───── Dataset records ─────

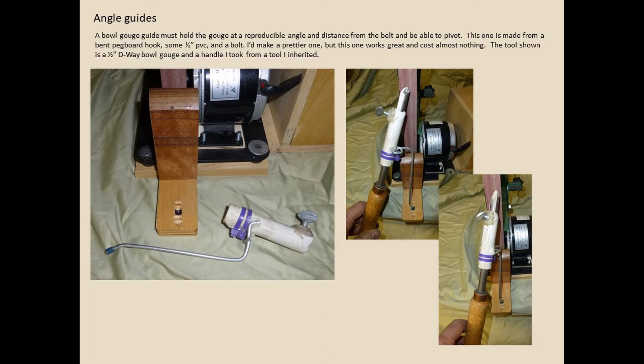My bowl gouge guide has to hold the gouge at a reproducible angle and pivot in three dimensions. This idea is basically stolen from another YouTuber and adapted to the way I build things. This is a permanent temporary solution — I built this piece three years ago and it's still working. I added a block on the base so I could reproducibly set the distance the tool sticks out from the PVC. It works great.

─────
───── Dataset records ─────

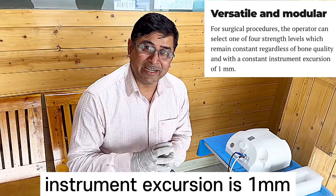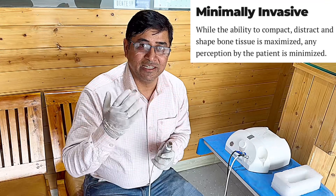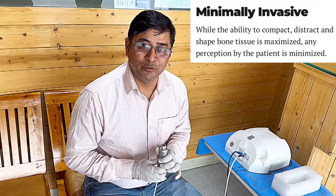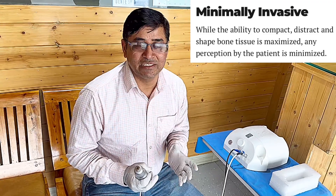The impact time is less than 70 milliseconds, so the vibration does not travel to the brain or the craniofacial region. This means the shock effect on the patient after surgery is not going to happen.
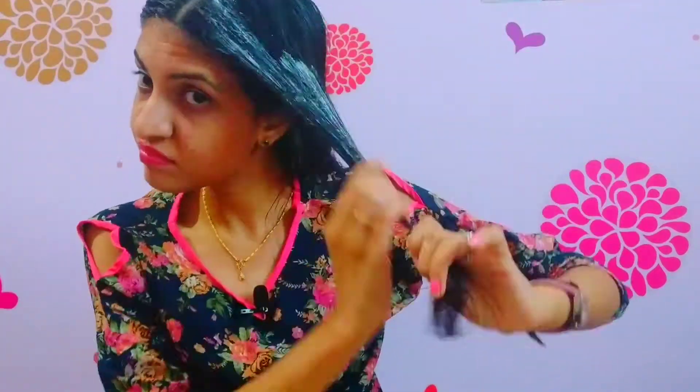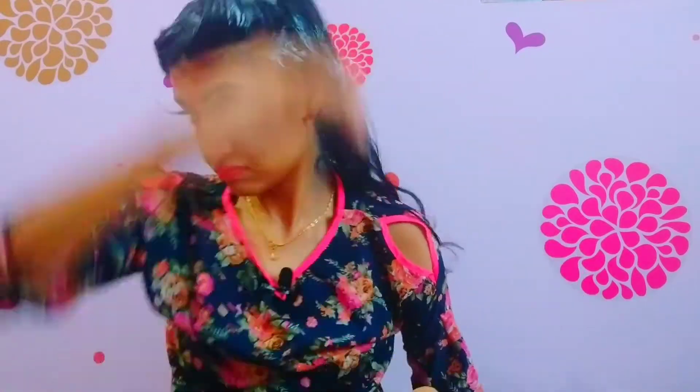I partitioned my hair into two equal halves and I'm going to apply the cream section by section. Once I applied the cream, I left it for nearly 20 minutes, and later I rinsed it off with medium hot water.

─────

• Try it: Write out word for word the lines above that run from the one with "The impact time" to the one with "I partitioned my". Include both end lines; exclude the images.

• Answer for the task:
The impact time is less than 70 milliseconds, so the vibration does not travel to the brain or the craniofacial region. This means the shock effect on the patient after surgery is not going to happen.
I partitioned my hair into two equal halves and I'm going to apply the cream section by section. Once I applied the cream, I left it for nearly 20 minutes, and later I rinsed it off with medium hot water.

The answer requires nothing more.